To secure an optimal coupling of light out of the light-guiding structure, the light-emitting surface is preferably provided with optical outcoupling means. Such means are commonly known in the art and may be formed by concrete engraved structures or the like so as to direct the light in a controlled direction away from the illumination system, for example, towards a display device. The outcoupling means preferably has a single or multiple scattering, refractive and/or diffractive microstructure. To ensure luminance uniformity, the density of the outcoupling structures may be varied with the position of the light-guiding structure. Said outcoupling structures may optionally be covered by one or more optical foils, such as brightness enhancements films, diffusor foils, or reflective polarizing foils. All of these foils are known to a person skilled in the art.

In a preferred embodiment, said light-guiding structure is made of glass, preferably quartz glass. Glass is a highly transparent and durable material which is also resistant to relatively high temperatures.

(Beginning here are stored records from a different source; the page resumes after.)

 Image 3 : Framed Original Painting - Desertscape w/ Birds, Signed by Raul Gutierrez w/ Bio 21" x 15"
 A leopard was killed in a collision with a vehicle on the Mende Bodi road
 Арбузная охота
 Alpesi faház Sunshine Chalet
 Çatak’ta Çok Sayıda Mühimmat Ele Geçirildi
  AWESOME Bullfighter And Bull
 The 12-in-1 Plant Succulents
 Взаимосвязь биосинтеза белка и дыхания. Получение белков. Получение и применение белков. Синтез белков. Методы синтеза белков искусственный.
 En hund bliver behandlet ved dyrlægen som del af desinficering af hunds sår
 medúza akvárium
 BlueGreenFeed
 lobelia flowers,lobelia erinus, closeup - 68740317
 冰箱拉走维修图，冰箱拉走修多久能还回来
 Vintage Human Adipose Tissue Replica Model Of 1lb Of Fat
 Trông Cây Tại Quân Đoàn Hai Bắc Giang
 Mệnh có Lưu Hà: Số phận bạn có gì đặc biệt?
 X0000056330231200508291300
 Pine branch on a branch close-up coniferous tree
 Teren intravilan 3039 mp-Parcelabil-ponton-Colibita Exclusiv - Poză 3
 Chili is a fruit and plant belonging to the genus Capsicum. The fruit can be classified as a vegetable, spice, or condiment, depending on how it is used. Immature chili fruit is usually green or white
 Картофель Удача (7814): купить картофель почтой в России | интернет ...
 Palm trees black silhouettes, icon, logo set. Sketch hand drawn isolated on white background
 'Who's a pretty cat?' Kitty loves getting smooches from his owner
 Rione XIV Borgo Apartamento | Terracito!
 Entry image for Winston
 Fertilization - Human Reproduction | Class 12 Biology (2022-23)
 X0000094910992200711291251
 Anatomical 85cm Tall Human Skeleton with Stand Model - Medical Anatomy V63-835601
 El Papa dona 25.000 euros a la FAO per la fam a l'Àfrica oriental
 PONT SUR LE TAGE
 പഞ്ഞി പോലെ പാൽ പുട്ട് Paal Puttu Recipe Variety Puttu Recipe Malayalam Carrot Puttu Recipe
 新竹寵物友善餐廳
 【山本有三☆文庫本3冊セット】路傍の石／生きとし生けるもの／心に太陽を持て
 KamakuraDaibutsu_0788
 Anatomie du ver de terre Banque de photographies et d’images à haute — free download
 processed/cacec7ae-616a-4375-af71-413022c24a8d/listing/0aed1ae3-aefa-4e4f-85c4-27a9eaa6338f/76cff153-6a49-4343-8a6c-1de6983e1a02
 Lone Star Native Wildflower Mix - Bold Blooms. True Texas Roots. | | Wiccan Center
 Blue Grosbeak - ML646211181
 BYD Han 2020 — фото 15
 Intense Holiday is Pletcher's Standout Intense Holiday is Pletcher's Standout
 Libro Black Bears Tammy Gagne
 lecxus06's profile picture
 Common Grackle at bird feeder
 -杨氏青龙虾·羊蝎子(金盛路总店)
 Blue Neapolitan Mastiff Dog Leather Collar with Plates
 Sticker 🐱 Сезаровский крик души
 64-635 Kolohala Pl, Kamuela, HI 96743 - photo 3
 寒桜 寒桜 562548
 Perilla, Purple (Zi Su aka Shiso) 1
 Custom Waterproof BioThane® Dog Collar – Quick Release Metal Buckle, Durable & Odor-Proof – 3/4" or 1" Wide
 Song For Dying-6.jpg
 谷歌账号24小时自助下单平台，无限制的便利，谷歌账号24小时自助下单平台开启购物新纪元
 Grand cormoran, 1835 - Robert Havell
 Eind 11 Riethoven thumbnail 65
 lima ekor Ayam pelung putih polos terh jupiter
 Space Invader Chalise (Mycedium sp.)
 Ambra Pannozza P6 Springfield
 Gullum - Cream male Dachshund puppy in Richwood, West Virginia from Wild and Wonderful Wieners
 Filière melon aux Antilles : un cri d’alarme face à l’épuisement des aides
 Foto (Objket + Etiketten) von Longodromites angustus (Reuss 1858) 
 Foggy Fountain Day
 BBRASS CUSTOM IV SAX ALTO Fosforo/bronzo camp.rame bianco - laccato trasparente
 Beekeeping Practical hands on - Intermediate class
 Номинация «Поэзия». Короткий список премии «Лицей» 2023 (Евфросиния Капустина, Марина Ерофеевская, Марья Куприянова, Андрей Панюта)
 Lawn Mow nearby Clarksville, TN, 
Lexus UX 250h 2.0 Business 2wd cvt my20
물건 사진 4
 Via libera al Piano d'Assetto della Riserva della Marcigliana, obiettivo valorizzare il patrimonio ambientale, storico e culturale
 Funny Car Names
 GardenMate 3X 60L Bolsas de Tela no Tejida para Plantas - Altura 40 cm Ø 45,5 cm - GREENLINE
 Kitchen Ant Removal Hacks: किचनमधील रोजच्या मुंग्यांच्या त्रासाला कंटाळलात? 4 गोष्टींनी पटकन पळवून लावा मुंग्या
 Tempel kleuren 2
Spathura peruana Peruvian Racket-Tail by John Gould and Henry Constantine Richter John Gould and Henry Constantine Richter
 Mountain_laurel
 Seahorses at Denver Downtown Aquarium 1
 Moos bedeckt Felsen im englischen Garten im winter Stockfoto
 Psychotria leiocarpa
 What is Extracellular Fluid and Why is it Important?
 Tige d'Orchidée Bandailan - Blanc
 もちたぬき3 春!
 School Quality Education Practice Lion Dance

If a phosphorous coating is applied, the coating is commonly applied by means of a suspension of phosphorus in a binding solution. After applying the suspension on (a part of) the inner surface of each channel, the binder is burned out at an increased temperature of about 400°C, resulting in the desired phosphorous coating. Quartz glass is ideally suitable to resist this relatively high temperature. In an alternative embodiment, wherein the temperature resistance of the light-guiding structure is of minor importance, the light-guiding structure is made of a transparent synthetic material, such as poly (methyl methacrylate) (PMMA).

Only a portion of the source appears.